Within a 2 year timeframe starting Feb 2007, Eaton has made 14 acquisitions with the latest on Oct 2, 2008. I like growth, but not through so many acquisitions.

“Sales growth of 25% in the third quarter of 2008 over the third quarter of 2007 consisted of 19% from acquisitions of businesses within the last year, 4% from organic growth, and 2% from foreign exchange.”

The question is, will Eaton continue to eat companies in order to gain market share and keep up with earnings in the future?

Due to all the acquisitions, Eaton’s long term debt has ballooned to just under $3 billion along with $5.9 billion in goodwill and $1.9 billion in intangibles. Although Eaton should be able to meet its obligations, I’ll prefer to be cautious and wait to see how the acquisitions impact the business and whether they were worth overpaying for. With a “significant slowdown” expected over the coming year, watching for another quarter or two may be a good idea.

Although it is getting close to the buy price, I think I will just keep an eye on ETN for now.

Disclosure: No positions of any stocks held at time of writing.

[tags] berkshire, eaton, etn, valuation [/tags]

  • http://www.nurseb911.com Nurseb911

    This is a stock I’ve owned since late September at $57 and have added as recently as $45. Its a long-term holding in my US portfolio and a well diversified company. While debt has gone up significantly via acquisitions their book value growth has been stellar (one of my focal points as a value investor).
    The company’s valuation has continued to weaken but if/when it dips down to $40 again I will be adding again to my position. It sells what the world needs and while that may have slowed currently I think over the next 15-20 years the company is well positioned for more growth organically & through smaller acquisitions.

  • http://www.oldschoolvalue.com Jae Jun

    I like the company and I agree that its a business which is needed, especially if growth in emerging countries picks up again later on.

    I’m just going to keep my eye out to see at what rate they pay back debt. However, it’s good to see that management is seeking strategic acquisition directly related to its business rather than veering off into other industries.

  • Ryan

    I like the modification you did to the spreadsheet. Any chance you could send that to me?

  • Ryan

    Ignore my last comment. I see that you have them for sale.

  • John

    When you calculate increase in book value, do you strip out the growth in intangible assets, such as goodwill? Thanks.

  • http://www.oldschoolvalue.com Jae Jun

    John,
    I checked my spreadsheet and it counted intangibles as well.
    Intangibles should be disregarded and it should be changed to Tangible Shareholder Equity.

    I’m making the modification now. Thanks for catching this.

  • http://www.oldschoolvalue.com Jae Jun

    From the morningstar premium membership, ETN is rated 5 stars with a fair value of $81. Very similar to my $77 target.

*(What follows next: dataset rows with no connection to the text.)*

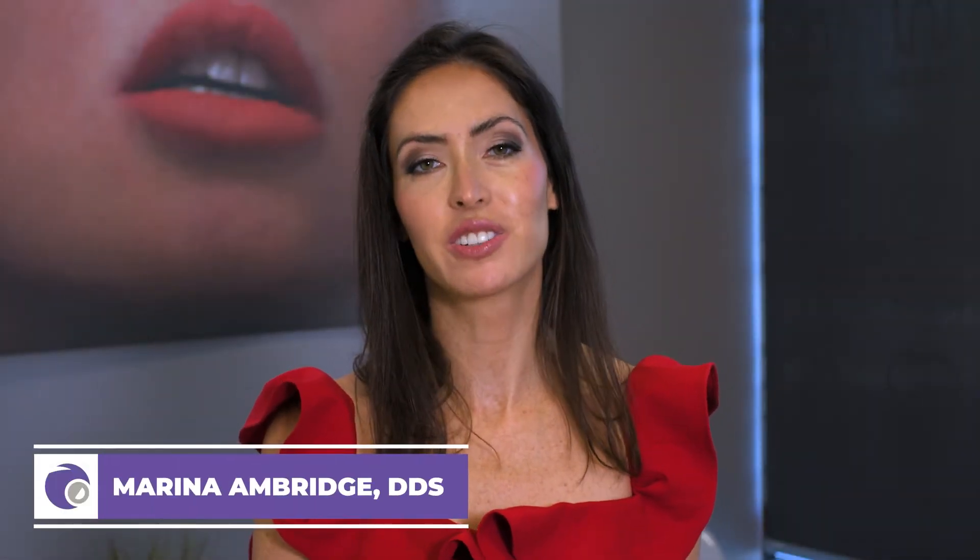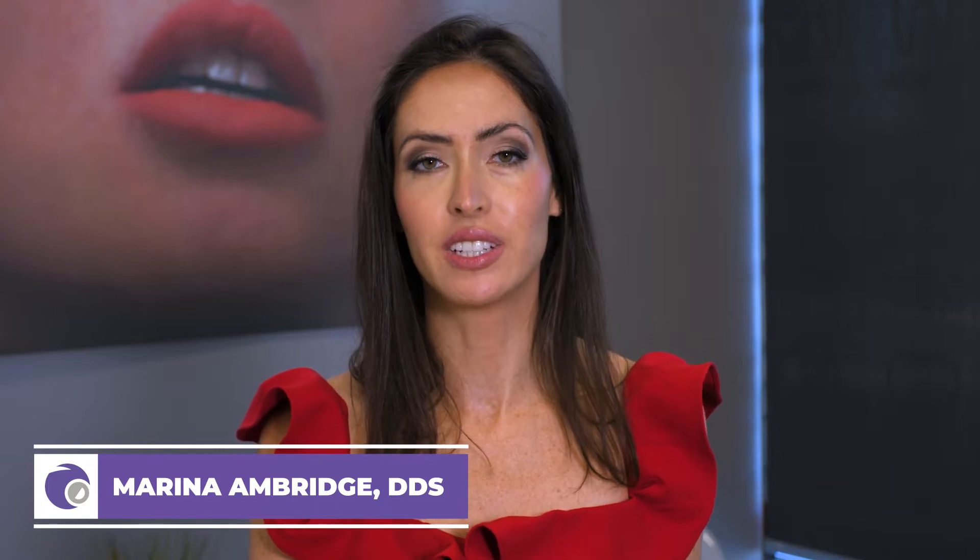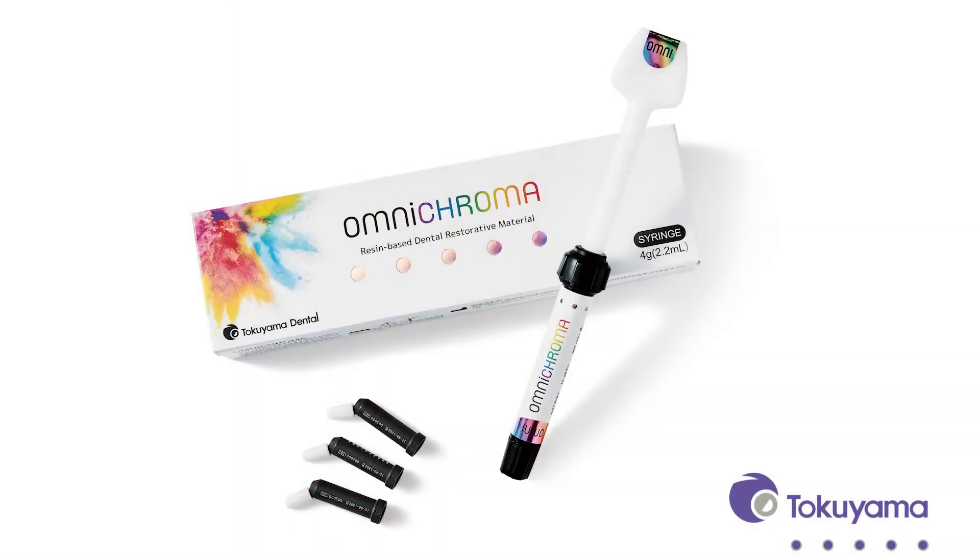Hi, my name is Dr. Marina Ambridge, and I'm a cosmetic and general dentist in Peoria, Arizona. I'd like to talk to you about OmniChroma and these amazing products from Tokoyama. OmniChroma is a universal one-shade composite that matches tooth shades from A1 to D4.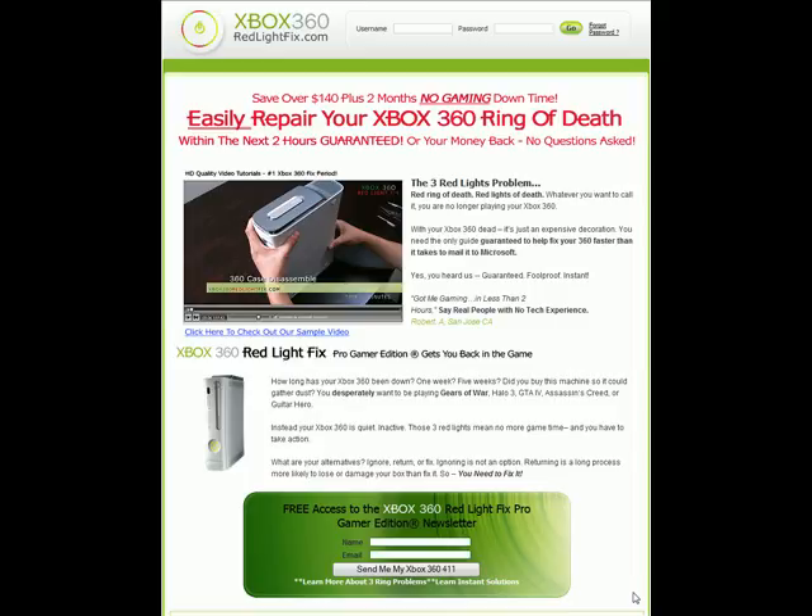What's up guys, my name is Eric. I'm gonna be reviewing this Xbox 360 Red Light Fix because I used this to fix my Xbox and it's freaking running flawless.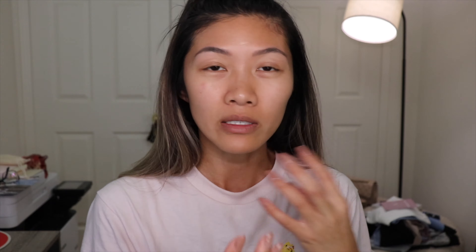I'm so excited to try this. I've used their regular Hydro Grip Primer before but never really tested it on the eyes, so I don't know if that would work just as well or if this is something different. If someone has tried that, please let me know in the comments. This retails for $32 Canadian for 8.5 milliliters. It's supposed to be hydrating — the similar ingredient they share with the regular Hydro Grip is blue agave.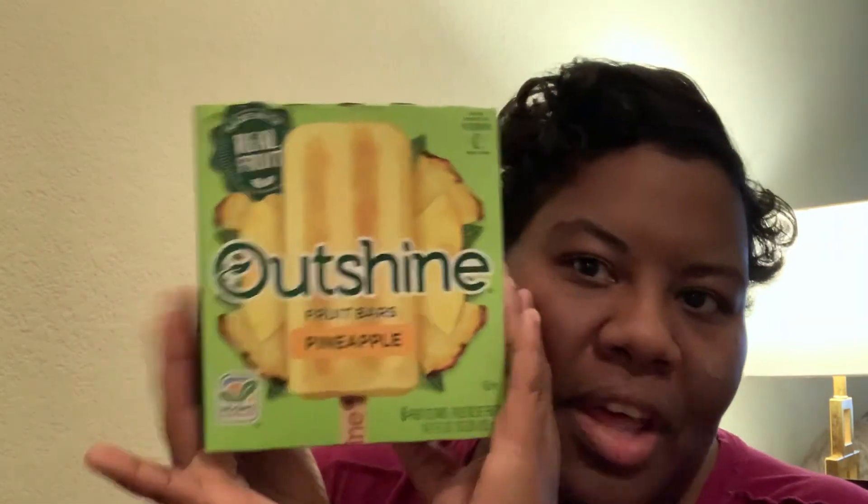I had it in pineapple, natural flavoring. And let me just tell you this — I give this product, guess what? A straight up 10 out of 10.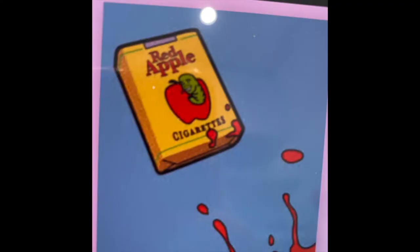My client specifically requested to have the famous Red Apple cigarette logo in the set of nails, as this appears in all of Quentin Tarantino's movies, or most of them anyway.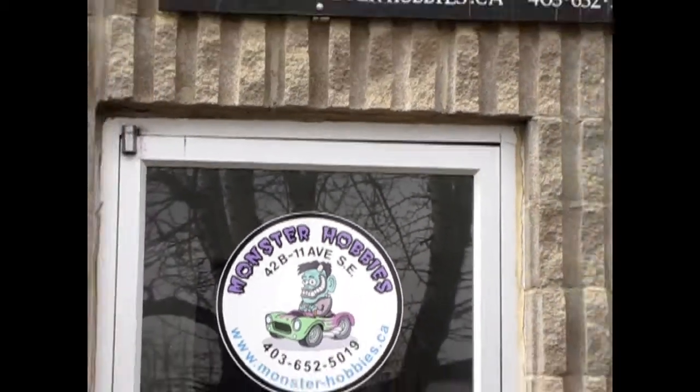What's in the box? Hello everybody, my name is Trevor Selescu and I'm the owner of Monster Hobbies in High River, Alberta, Canada.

  • http://dividendtree.blogspot.com/ Dividend Tree

    JJ: I looked at ETN last week (didn’t know you had looked at it in Nov08). Qualitatively, I made the same conclusion: Although it appears to be a great company with good business model/products, it has become debt heavy. Growth is coming from acquisitions (which in turn is coming from debt). And guess what: CEO was on Cramerica yesterday, attempting to convince audience why/how ETN can sustain dividends.

    Dividend Tree’s last blog post..Is Buffett a Dividend-Growth Investor?

  • http://www.oldschoolvalue.com Jae Jun

    I didnt know he made a guest appearance for Cramer lol.

    If Eaton shows that it is able to lower its debt smartly without taking on additional financing or diluting shares, I will definitely be looked at again.